In general, muscle δ13C of prey animals (flying fish in our study) varies slightly, less than 1‰ during their lifetime if they do not migrate (DeNiro & Epstein 1978). Consistently, we found that the variation of δ13C of fish muscle is less than 1‰. The muscle and scale carbon isotopic offset of flying fish, i.e. the difference between the average values of δ13Cmuscle and δ13Cscale13C) is −2.1 ± 0.5‰. Several factors may cause scale δ13C to be higher than that in muscle. For example, glycine is the predominant amino acid of scale collagen and it is enriched by 8‰ in δ13C compared to other amino acids (Cano-Rocabayera et al. 2015). Muscle δ13C changes linearly with fish mass, while fish scale δ13C changes nonlinearly (Fig. 3B). Consequently, the mass or the size is a factor that accounts for the change in scale δ13C, but may not be the predominant one. This carbon isotopic offset value, therefore, must be fully considered if δ13C is used to infer the food source of fish (Saito et al. 2011).

Relationship between isotopic offsets and mass

Although the average offsets of δ13C and δ15N between muscle and scales can be calculated, they still vary with the increase in fish mass (Fig. 4). For δ15N, there is a weak correlation between the offset and fish mass, and the nitrogen isotopic offset between muscle and scales would increase from 2.17‰ to 2.47‰ during the growth from birth to a weight of 300 g (Fig. 4). Obviously, the variance of about 0.3‰ is small, so the average muscle and scale nitrogen isotopic offset of 2.3 ± 0.6‰ can apply to each flying fish, regardless their weight.

For δ13C, there is a strong negative correlation between its offset and fish mass (Fig. 4). For flying fish from birth to a weight of 300 g, the carbon isotopic offset between muscle and scales would change from −1.60‰ to −2.50‰. As flying fish age, the difference between their muscle and scale δ13C would slightly increase, which we believe is attributed to fish scales recording the dietary information over their lifetime. Even so, the average carbon isotopic offset between flying muscle −2.1 ± 0.5‰ is still useful for estimating the actual diet in paleoecological studies when only fish scales are preserved in the fossil record.

Relationships between fish δ13C and δ15N

δ15N and δ13C in fish muscle as well as in scales yielded a weak correlation (Fig. 5), suggesting that the fish size, the primary factor affecting δ15N, can impact δ13C to some extent, but is not the most important factor.

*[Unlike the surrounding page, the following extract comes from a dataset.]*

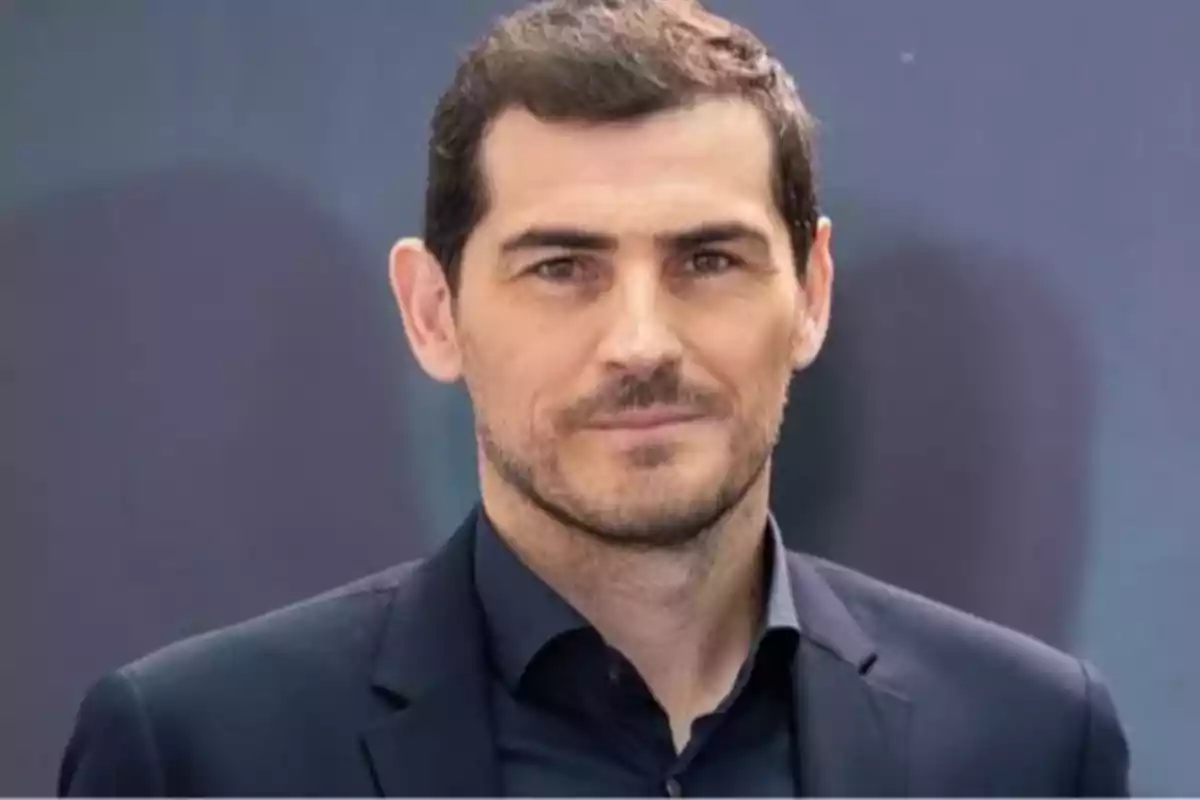 Hombre de cabello corto y barba ligera vistiendo un saco oscuro y camisa negra con fondo gris desenfocado Hombre de cabello corto y barba ligera vistiendo un saco oscuro y camisa negra con fondo gris desenfocado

In fact, δ13C depends strongly on the geographic location. For example, δ13C in organisms may increase with altitude in a mountainous area (Hobson et al. 2003), and dissolved inorganic carbon varies with the seawater depth (Sisma-Ventura et al. 2016). These variations are irrelevant to our study because flying fish live only in the surface layer of warm ocean waters. However, there are a number of geographical factors that may apply to this study: δ13C of eupelagic plankton is much lower than that of coastal species (Kaehler et al. 2000; Xu et al. 2014), and δ13C of organisms increases from polar areas to equatorial regions as a result of the latitude effect (Takai et al. 2000; Vaughn et al. 2010). Therefore, we attribute the variation of fish δ15N to the change of fish mass and size, but the variation of fish δ13C to the alteration of their geographic location.